Three Ultra cards + P6N Diamond performance issue


I have the new P6N Diamond mainboard from MSI, nVidia nForce 680i SLI chipset.
I have installed 3 cards. If I do independent parallel computations (no communication over CPU) with only two cards (every combination is fine), I get on every card 50 work units per second done which is fine. If I do computations on three cards I get in sum only 105 work units done! the performance of two cards drops down to say 25 and 30 work units. The third card gives full perforamance . This behavior is not static meaning that the perormance drop down is ‘switching’ from card to card. If I kill the third computation on either card, everything is fine again (50+50).

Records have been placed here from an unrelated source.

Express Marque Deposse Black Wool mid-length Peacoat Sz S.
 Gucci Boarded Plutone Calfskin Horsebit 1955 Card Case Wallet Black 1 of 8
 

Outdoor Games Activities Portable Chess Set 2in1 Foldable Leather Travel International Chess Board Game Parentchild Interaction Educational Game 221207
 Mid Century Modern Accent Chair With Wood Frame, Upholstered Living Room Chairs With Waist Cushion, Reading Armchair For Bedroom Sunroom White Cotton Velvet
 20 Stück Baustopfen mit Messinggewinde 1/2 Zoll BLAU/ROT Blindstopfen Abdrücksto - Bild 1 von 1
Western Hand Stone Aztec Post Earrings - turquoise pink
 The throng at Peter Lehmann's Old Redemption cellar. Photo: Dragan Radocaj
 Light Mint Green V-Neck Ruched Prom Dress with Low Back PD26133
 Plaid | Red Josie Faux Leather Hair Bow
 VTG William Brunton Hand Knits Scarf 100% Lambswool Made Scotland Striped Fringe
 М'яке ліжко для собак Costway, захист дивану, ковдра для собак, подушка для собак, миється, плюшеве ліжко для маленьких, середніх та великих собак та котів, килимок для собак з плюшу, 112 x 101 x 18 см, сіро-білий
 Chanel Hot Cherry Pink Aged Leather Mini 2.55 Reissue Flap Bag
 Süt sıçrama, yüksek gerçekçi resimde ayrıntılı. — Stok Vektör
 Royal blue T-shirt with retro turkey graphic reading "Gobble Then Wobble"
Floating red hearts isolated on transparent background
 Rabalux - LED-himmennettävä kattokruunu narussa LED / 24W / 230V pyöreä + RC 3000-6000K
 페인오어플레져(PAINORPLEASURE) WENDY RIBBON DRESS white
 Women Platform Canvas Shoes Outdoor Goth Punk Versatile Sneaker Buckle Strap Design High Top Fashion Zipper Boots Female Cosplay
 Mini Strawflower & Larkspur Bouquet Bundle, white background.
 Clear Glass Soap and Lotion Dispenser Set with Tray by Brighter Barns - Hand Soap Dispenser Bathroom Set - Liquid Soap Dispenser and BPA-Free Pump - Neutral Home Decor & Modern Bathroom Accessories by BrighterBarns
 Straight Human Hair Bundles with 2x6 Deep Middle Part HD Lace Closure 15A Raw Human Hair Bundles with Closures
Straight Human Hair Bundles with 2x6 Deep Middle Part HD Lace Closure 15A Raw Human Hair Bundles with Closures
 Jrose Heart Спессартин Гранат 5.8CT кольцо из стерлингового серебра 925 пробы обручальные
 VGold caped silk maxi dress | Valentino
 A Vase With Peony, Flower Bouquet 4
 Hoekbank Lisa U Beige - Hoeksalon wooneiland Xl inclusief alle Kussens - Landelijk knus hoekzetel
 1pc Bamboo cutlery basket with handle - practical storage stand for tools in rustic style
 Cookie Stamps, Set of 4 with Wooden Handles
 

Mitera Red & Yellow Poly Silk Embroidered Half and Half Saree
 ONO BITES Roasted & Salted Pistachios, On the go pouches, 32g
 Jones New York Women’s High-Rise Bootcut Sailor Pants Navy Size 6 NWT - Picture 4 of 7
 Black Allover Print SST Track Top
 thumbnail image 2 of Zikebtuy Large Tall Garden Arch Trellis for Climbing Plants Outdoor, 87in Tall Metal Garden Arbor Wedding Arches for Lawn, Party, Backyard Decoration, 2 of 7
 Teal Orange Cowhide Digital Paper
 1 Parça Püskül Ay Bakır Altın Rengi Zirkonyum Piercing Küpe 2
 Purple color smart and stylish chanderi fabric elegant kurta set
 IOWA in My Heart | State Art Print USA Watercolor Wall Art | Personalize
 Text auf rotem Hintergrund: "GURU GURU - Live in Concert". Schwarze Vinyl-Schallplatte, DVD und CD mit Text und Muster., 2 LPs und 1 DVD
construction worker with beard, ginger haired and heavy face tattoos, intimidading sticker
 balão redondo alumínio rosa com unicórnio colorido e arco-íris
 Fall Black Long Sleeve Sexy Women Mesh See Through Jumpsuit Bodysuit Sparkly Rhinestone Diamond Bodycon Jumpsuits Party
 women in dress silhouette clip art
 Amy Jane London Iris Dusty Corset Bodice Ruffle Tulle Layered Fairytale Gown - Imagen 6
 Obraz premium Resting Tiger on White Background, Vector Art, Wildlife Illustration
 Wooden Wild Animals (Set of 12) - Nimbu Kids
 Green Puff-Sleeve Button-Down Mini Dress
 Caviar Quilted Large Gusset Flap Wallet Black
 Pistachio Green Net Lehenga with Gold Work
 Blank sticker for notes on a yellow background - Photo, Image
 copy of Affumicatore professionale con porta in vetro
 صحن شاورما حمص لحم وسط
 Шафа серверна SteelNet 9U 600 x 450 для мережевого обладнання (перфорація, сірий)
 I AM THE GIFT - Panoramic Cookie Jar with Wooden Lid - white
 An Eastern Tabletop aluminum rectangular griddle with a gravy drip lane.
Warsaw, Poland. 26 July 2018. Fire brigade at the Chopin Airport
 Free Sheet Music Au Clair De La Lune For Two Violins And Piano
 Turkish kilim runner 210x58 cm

Does anybody have this mainboard with three cards ? Does anybody have installed three cards on a board and has experiencded similar things ?

Thank you very much!

I took a look at your board on newegg and noticed this:

Expansion Slots

PCI Express x16 4 (The 4 PCI Express interface will operate at either x8+x8+x16+x8 or x16+x16+x8 mode)

Which slots do you have the affected cards in? Is their a BIOS options to modify the PCI-E lane option? Could be that it defaulted to the first option presented and your first two cards are only running in x8 mode. Whether that will have a noticeable impact in CUDA probably depends greatly on your program, but the 8800GTX and Ultra are practically the only cards that show a noticeable performance change going from x8 to x16 PCI-E bandwidth in 3d games. I wouldn’t be completely shocked to see a potential performance drop in some CUDA apps if this is in fact the case. :)

That could be, I have to contact nVIDIA+MSI … But I do only computations on the graphics card and I have only some ascii text printed out, so almost no data transfer Over pci-E. Nevertheless there could be an automatic lowering of the computing performance when going down to X8 bandwidth ?

Try using a quad-core CPU if you don’t have it already.

Thats the solution! It is important to mention that for all developers that at least one core per GPU is needed to run effieciently!


I have a general question. In order to use 2 or more cards for computing, do I have

to use a motherboard with SLI support? Also, do I have to disable SLI mode when

using multiple cards as it says in 3.4 of the Programming Guide?

Thank you.

CUDA doesn’t use SLI. Thus, you don’t need an SLI capable motherboard to use CUDA.

Can someone please throw some more light on whether this is true? How does having one core per GPU help?

Because CPU threads busy wait in a spin loop (with a thread yield in it) when synchronizing GPU and CPU. If you have one core busy waiting on 2 GPU’s, there will be significant delays introduced.